The story picks up five years after the action of Superman II (dismissing entirely Superman III and the thoroughly wretched Superman IV: The Quest for Peace). Connecting the new movie to the first two Superman films (made in 1978 and 1980) turns out to be a smart move on Singer’s part. Unlike Batman Begins, there is no reboot here — just a mild tweaking. While Superman Returns pays respect to those two classics, both of which redefined our notion of the superhero blockbuster, it also reinvents itself for our modern times. Superman’s iconic costume, for instance, with its muted coloring and bas-relief ”S” badge is strikingly elegant; the Daily Planet newsroom has high-tech elements strewn throughout its classic, The Front Page retro-feel.

The movie drips thick with religious allegory, but then the story has always had a Christian undertow. After all, it is, at its core, the story of a father (Jor-El, portrayed by a digitally recreated Marlon Brando, which turns out to be less creepy than it sounds) who sends his only son to help guide a civilization down a path of enlightenment and peace. Superman is a modern day saint, a savior in a scarlet cape, a miracle worker with supreme-being abilities. Lucky for us, he’s benevolent, still fighting for truth, justice and, well… let’s just say the American Way has evolved into the Global Way.

”Every day I hear people crying out for a savior,” Superman (Christopher Reeve-lookalike Brandon Routh) tells Lois Lane (Kate Bosworth).
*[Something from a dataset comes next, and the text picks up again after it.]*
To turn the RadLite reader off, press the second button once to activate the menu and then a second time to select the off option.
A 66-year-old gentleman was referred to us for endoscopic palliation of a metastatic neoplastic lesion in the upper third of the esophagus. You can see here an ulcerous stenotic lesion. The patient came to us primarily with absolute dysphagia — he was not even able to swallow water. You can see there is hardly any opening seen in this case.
Like Batman, Superman has always been a bit of a loner — but he’s less a broody than the caped crusader. He’s merely an outsider, a man who desperately wants to fit into society — a point amplified by Singer throughout Superman Returns.

”I’m all that’s left,” Superman tells his foster mother, Martha Kent (Eva Marie Saint), upon returning to Earth after a five-year round-trip to the ruins of his home planet, Krypton.


”But you are not alone,” she softly replies.

As luck would have it, Superman’s return to our blue planet coincides with the prison release of his archenemy, criminal mastermind Lex Luthor (Kevin Spacey), who has grown increasingly bitter over time. In Superman II, Luthor learned the location of the big guy’s Fortress of Solitude. He travels to the formidable structure and snags a handful of crystals, brilliantly hatching the mother of all real estate land grabs.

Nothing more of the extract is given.